The impact reverberates through the metal box like a struck bell. The pliers fly from his hand and clatter across the floor. Hisskull bounces off the corrugated wall. His legs go loose for half a second—long enough for me to get my forearm under his chin and press.
He recovers fast. His fist drives into the broken rib on my left side. The pain whites out my peripheral vision. I hold the forearm against his throat. He hits the rib again. A third time.
Each impact sends a detonation through my torso that I feel in my teeth, in my fingertips, in the ruined hand that’s clamped against his shoulder. My vision narrows. The pain becomes a sound—a high, sustained whine that fills my skull and cancels everything except the immediate physics of keeping this man’s hands away from Adrian.
Dmitri moves. I hear him—the scrape of his shoes on the steel floor, the click of the folding knife opening. He’s behind me. Adrian shouts something I can't process.
I drive my knee into the specialist’s groin. He folds. I spin.
Dmitri’s knife comes in fast—a practiced, compact thrust aimed at my kidney. I catch the blade on my forearm. The same forearm. The same laceration that Adrian has stitched three times.
The steel opens the wound along the suture line like a zipper. The pain is an old friend at this point. A familiar guest arriving at a party I stopped enjoying weeks ago.
I grab Dmitri’s wrist with my bandaged hand and squeeze. The sutures in my palm let go—I feel them pop, one after another, like stitches being cut with scissors. The blood runs between our grips. His wrist slips.
He pulls free. Resets. The knife low, blade up. He’s used knives before. He knows the second attempt is the one that kills.
The world detonates.
The explosion comes from below. The concrete floor bucks like a living thing.
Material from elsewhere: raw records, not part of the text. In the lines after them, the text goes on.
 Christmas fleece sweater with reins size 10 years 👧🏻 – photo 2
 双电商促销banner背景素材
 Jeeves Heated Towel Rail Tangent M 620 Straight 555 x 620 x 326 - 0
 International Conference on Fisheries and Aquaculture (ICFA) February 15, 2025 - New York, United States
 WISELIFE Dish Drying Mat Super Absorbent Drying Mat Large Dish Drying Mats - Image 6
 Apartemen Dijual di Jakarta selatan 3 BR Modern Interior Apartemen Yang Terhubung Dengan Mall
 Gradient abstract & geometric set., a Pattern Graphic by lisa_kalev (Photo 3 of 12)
The container rocks on its footings, the steelwalls groaning. The single bulb swings in a wild arc that turns the shadows into a strobe.
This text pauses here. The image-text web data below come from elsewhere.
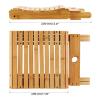 MOUYAT 2 Pack 12 Inch Bamboo Folding Stool, Foldable Foot Step Stool, Natural Bamboo Shower Bench Seat Toilet Stool for Bathroom Showers, Saunas, Fishing, 11 x 11 x 12.6 Inch view 3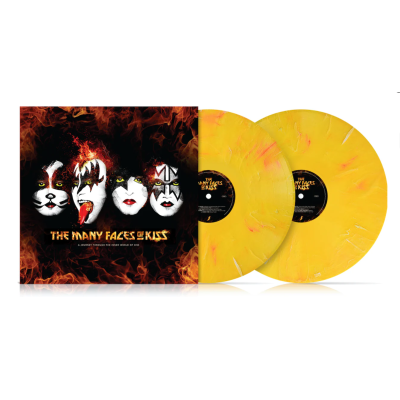 Виниловая пластинка Various - The Many Faces Of KISS: A Journey Through The Inner World Of KISS 2LP Желтый винил с красными разводами 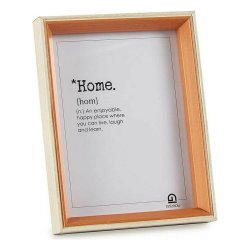 Fotoram 17 x 22 x 3 cm Glas Brun Vit Tr MDF (6 antal)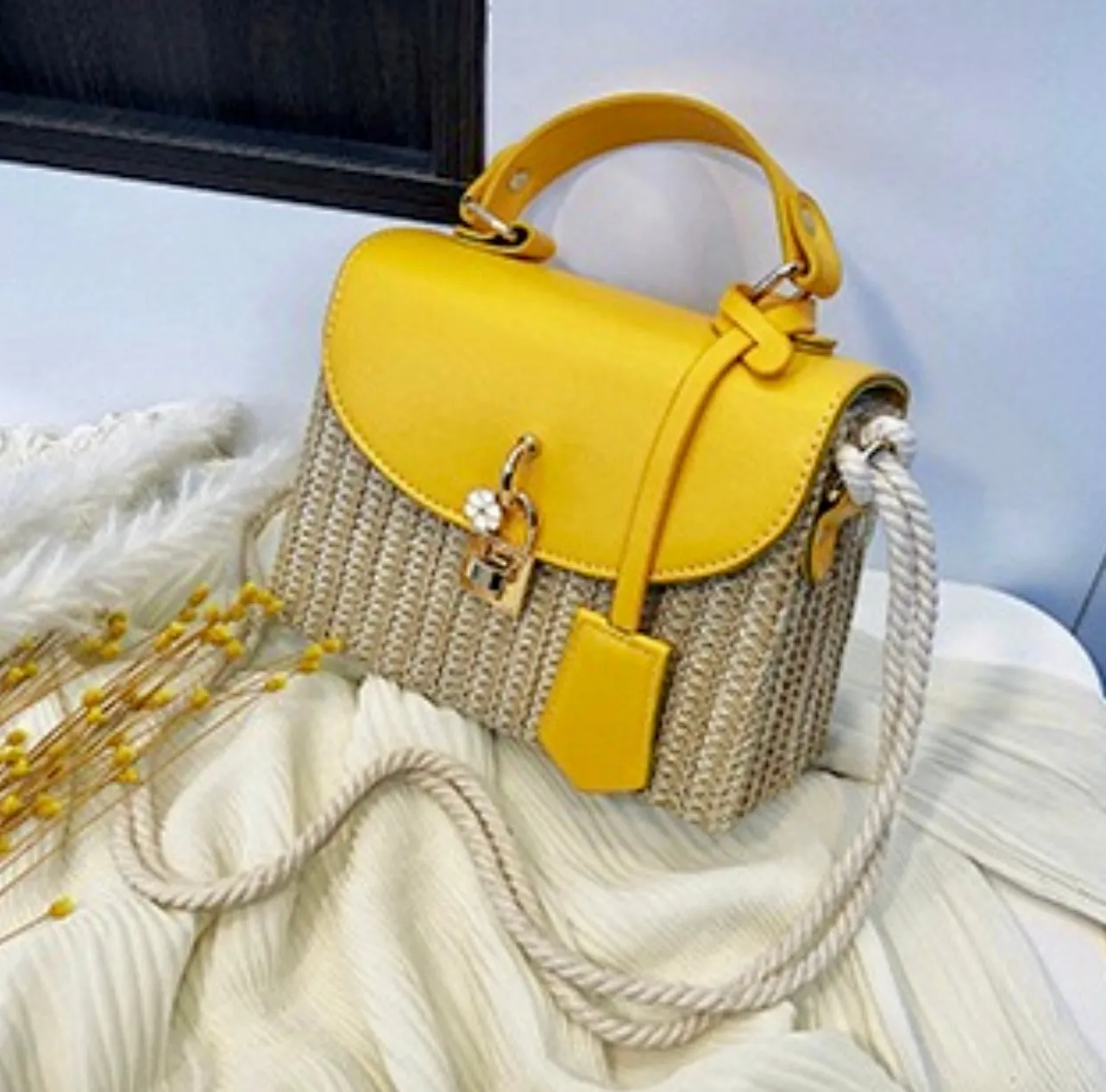 CANNES STRAW BAG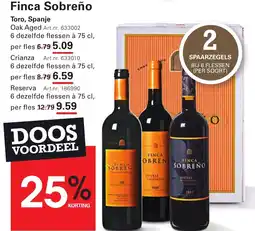 Sligro Finca sobreño aanbieding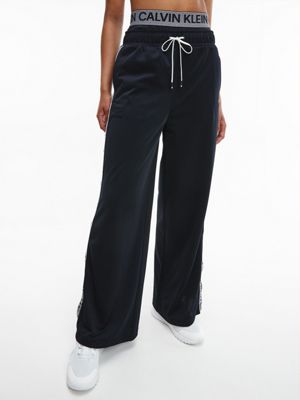 Joggingbroek met wijde pijpen en logo tape Calvin Klein® | 00GWF1P602001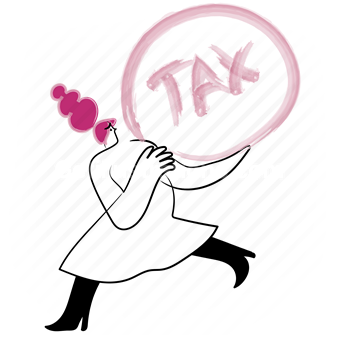 tax, taxes, woman, people, financial, finances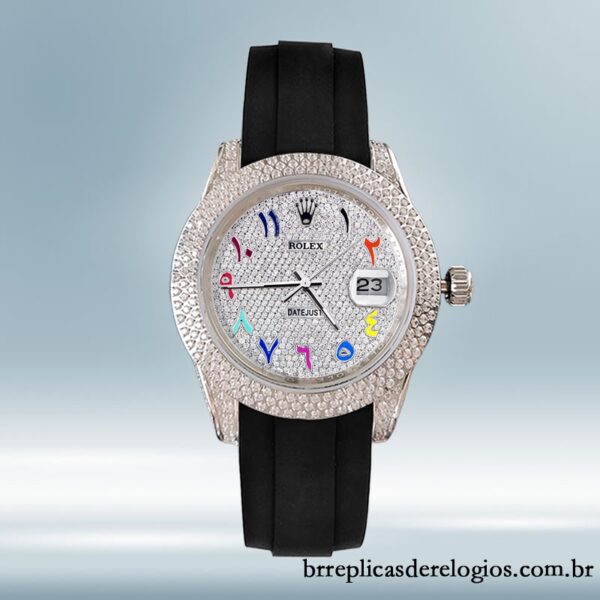 Rolex Datejust 16200 40mm masculino Automático Tom prata - Image 2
A second explosion follows—closer, louder. The pressure wave compresses the air inside the container and pops my eardrums with a sound like tearing fabric.
The lights die. Not just the bulb—everything. The fluorescent tubes in the warehouse beyond the container. The exterior floods. The security systems. The entire electrical grid of the terminal goes dark in a single, coordinated blackout.
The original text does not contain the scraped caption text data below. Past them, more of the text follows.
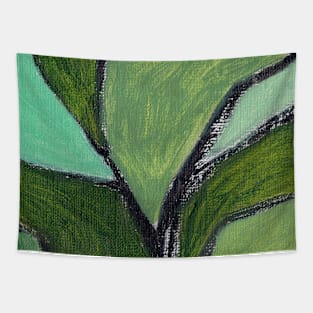 Sap Green Abstract Art Tapestry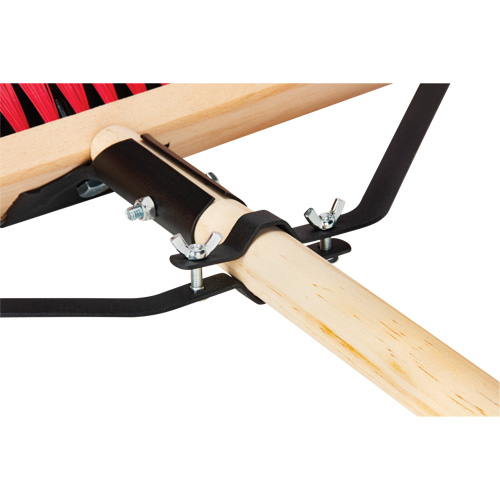 Push Broom with Braced Handle, 18", Medium, PVC Bristles Waymarc Industries Inc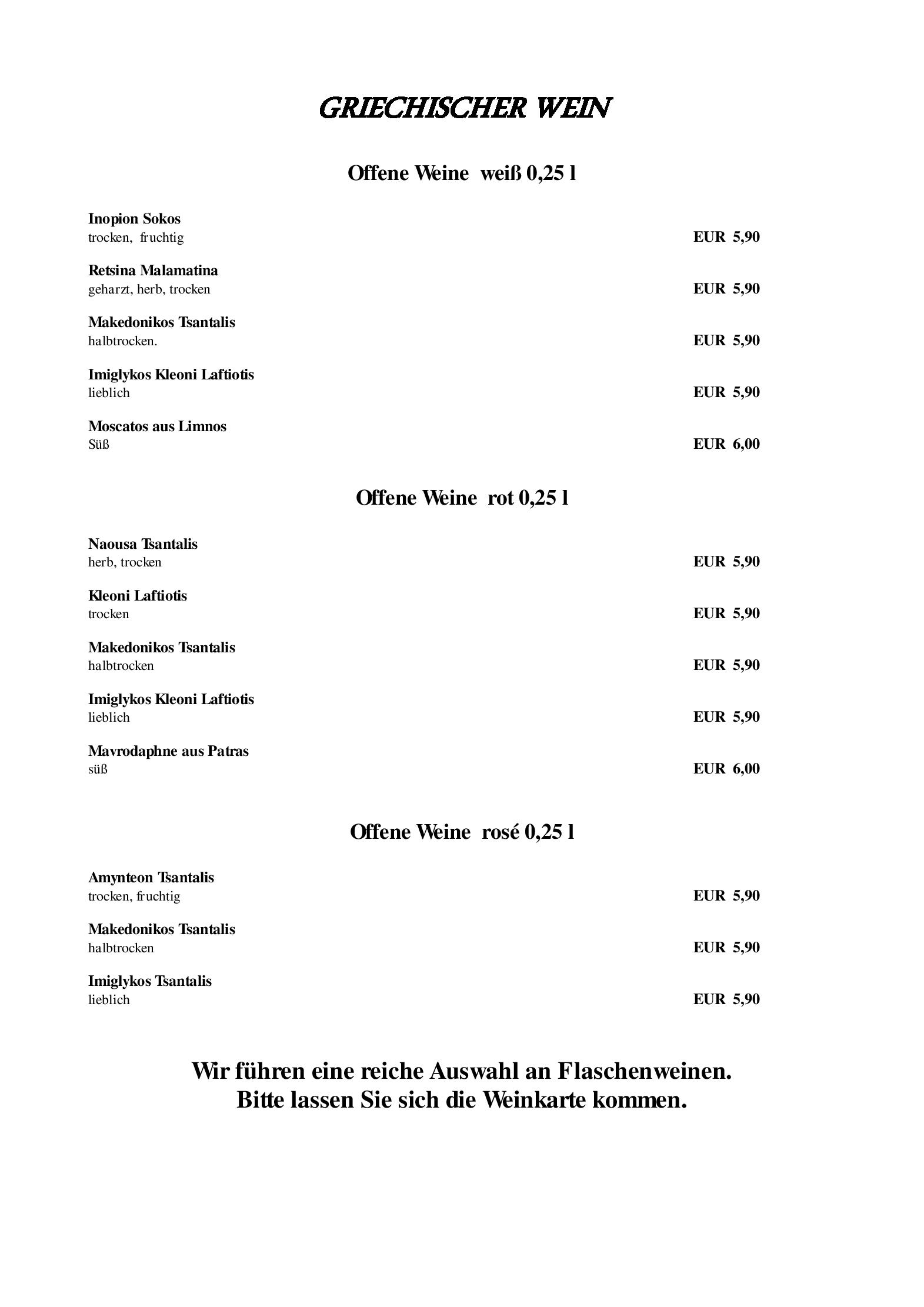 Speisekarte Restaurant Schleifmühle Bacchus in Wiesbaden, Seite 9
The breach team hit the power station.
The container is pitch black. I can't see Dmitri. I can hear him—his breathing, rapid and shallow. The rustle of his clothing as he repositions. I can hear the specialist groaning on the floor behind me. I can hear Adrian—his breathing controlled, counted. The surgeon’s rhythm holds even in total darkness.
Gunfire erupts outside. Suppressed weapons—the flat, mechanical cough of professional operators engaging targets. Return fire—louder, unsuppressed. Shouts in Russian. The heavy, percussive thud of breaching charges blowing doors off their hinges.
Dmitri moves in the dark. I hear the knife—the whisper of steel cutting air. I drop. The blade passes over my head. I grab the direction the sound came from and my hand closes on fabric. I pull him toward me and drive my forehead into where his face should be.
Contact. The bridge of his nose gives under my frontal bone. It’s the same headbutt I used on the kid in Red Hook. The mechanics are identical. The only difference is that the kid in Red Hook hadn't spent two days watching men hurt me in a steel box.
I hit Dmitri with everything I have left. His head snaps back. His body goes limp in my grip.
I let him drop. He hits the steel floor. The knife clatters away.
"Adrian."
"Here." His voice comes from my left. Close. I reach out and my hand finds his shoulder—thin, tense, the bones prominent under the borrowed suit. He’s standing. He’s intact.
"Stay behind me."
The container door screams open. Light floods in—flashlight beams, the harsh white of tactical illumination cutting through the smoke and dust.
Three figures in the doorway. Body armor. Helmets. Rifles up, the laser sights painting red dots across the interior of the container.
"Friendlies! Falcone asset and civilian inside!"
Rory’s voice comes from behind the tactical team—high, sharp. It cuts through the gunfire and chaos sharp, cutting through gunfire—Rory has spent his life making himself heard in rooms that didn’t want to listen.
"Rocco! You alive?"
"Alive is generous," I say. "But standing."